Марину Мнишек обвиняли также в посылке из Коломны «со смутными грамотами» в Астрахань и «в Кизылбаши», то есть Персию: «А писала она в Кизылбаши о смуте ж, хотя всчать новую кровь». Списки с этих грамот, перехваченных с гонцами Марины Мнишек, нижегородцы послали в Ярославль и Кострому, но их текст не сохранился. Видимо, настолько сильна была уверенность в жгучем желании Марины Мнишек продолжать Смуту и проливать кровь в Московском государстве, что по всем городам предупреждали: «И вам бы к Москве ко всей земле писати, чтоб они про такие Маринкины воровские заводы сыскали, чтоб в Московском государстве новой крови не всчала. А к вам будут учнут приходить с Коломны от Маринки какие смутные грамоты, и вам бы им однолично не верити и стояти бы вам в твердости разума своего крепко и неподвижно» [458].

Другие грамоты с призывом помочь остававшимся под Москвой ратным силам рассылались из Троице-Сергиева монастыря. Еще С. Ф. Платонов подметил, что по своей тональности они отличались от призывов патриарха Гермогена и звали не на борьбу с казаками Заруцкого, а напротив, к соединению всех земских сил: «чтоб служивые люди безо всякого мешкания поспешили к Москве, в сход ко всем бояром и воеводам и всему множество народу всего православного християнства» [459].

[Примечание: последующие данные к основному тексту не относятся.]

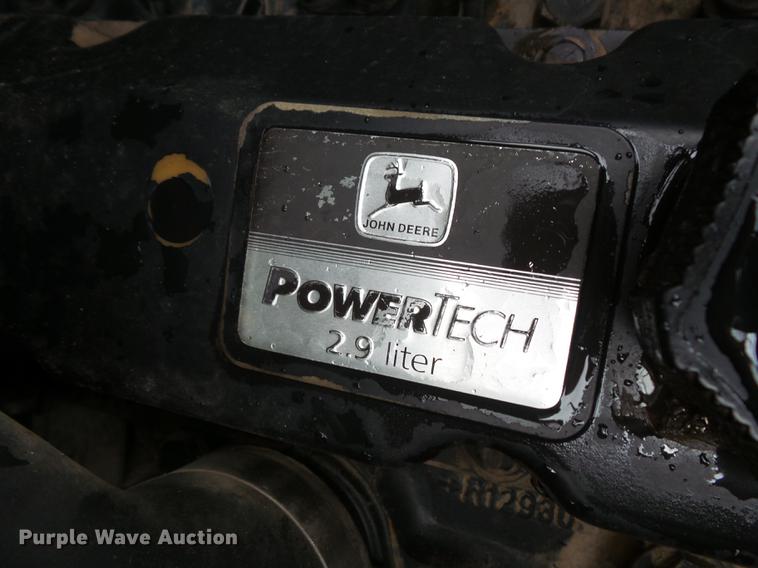 image for item FT9831 1999 John Deere 240 skid steer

Изменение роли в подмосковных «таборах» Ивана Мартыновича Заруцкого не осталось незамеченным и для так называемой «семибоярщины» – Боярской думы, действовавшей в Москве под контролем польско-литовской администрации. Бояре князь Федор Иванович Мстиславский с товарищами направили 25-26 января 1612 года свои агитационные грамоты в Кострому и Ярославль с тем, чтобы вернуть эти города, перешедшие на сторону Первого ополчения, к прежней присяге королевичу Владиславу: чтобы «от воровские смуты от Ивана Заруцкого с товарыши отстали и им ни в чем не помогали, и верити их воровской смуте во всем престали». В Москве не стеснялись намекать на якобы «казачье» происхождение «воренка». «А ныне вновь те же воры Ивашко Заруцкой с товарыши, – говорилось в грамоте бояр в Ярославль 26 января 1612 года, – забыв истинаго Бога и Его святую волю, государей себе обирают по своей по воровской воле таких же воров казаков, называя государьскими детьми Колуского вора сына, о котором и поминати непригоже. Мы и вы сами про него подлинно ведаете и его знаете, какой он вор был» [460]. Отношение московских людей к несчастному сыну Марины Мнишек хорошо передает автор «Пискаревского летописца»: калужский Вор «жил с нею с некрещеною, и родила малого невесть от кого: что многие с нею воровали» [461].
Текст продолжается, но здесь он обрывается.